True, but irrelevant, because humanity has never produced a provably-correct software project anywhere near as complex as an AI would be, we probably never will, and even if we had a mathematical proof it still wouldn't be a complete guarantee of safety because the proof might contain errors and might not cover every case we care about.
The right question to ask is not, "will this safeguard make my AI 100% safe?", but rather "will this safeguard reduce, increase, or have no effect on the probability of disaster, and by how much?" (And then separately, at some point, "what is the probability of disaster now and what is the EV of launching vs. waiting?" That will depend on a lot of things that can't be predicted yet.)
The difficulty of writing software guaranteed to obey a formal specification could be obviated using a two-staged approach.
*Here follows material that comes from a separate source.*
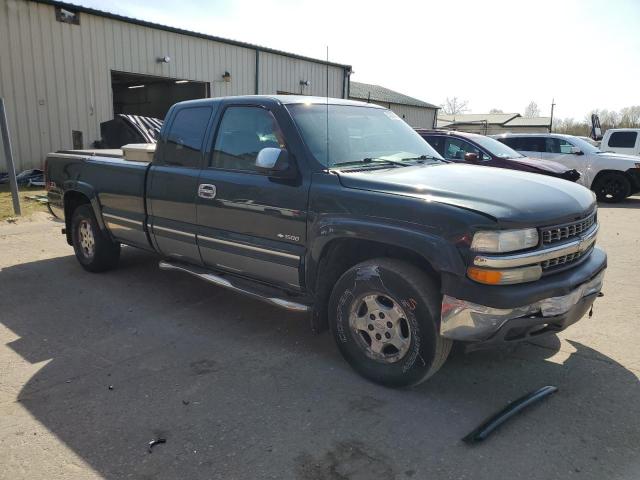 Photo 4 from auction – 2001 CHEVROLET 1500 with VIN 1GCEK19T51E148717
Once you believed that an AI with certain properties would do what you want, you could write one to accept mathematical statements in a simple, formal notation and output proofs of those statements in an equally simple notation. Then you would put it in a box as a safety precaution, only allow a proof-checker to see its output and use it to prove the correctness of your code.
The remaining problem would be to write a provably-correct simple proof verification program, which sounds challenging but doable.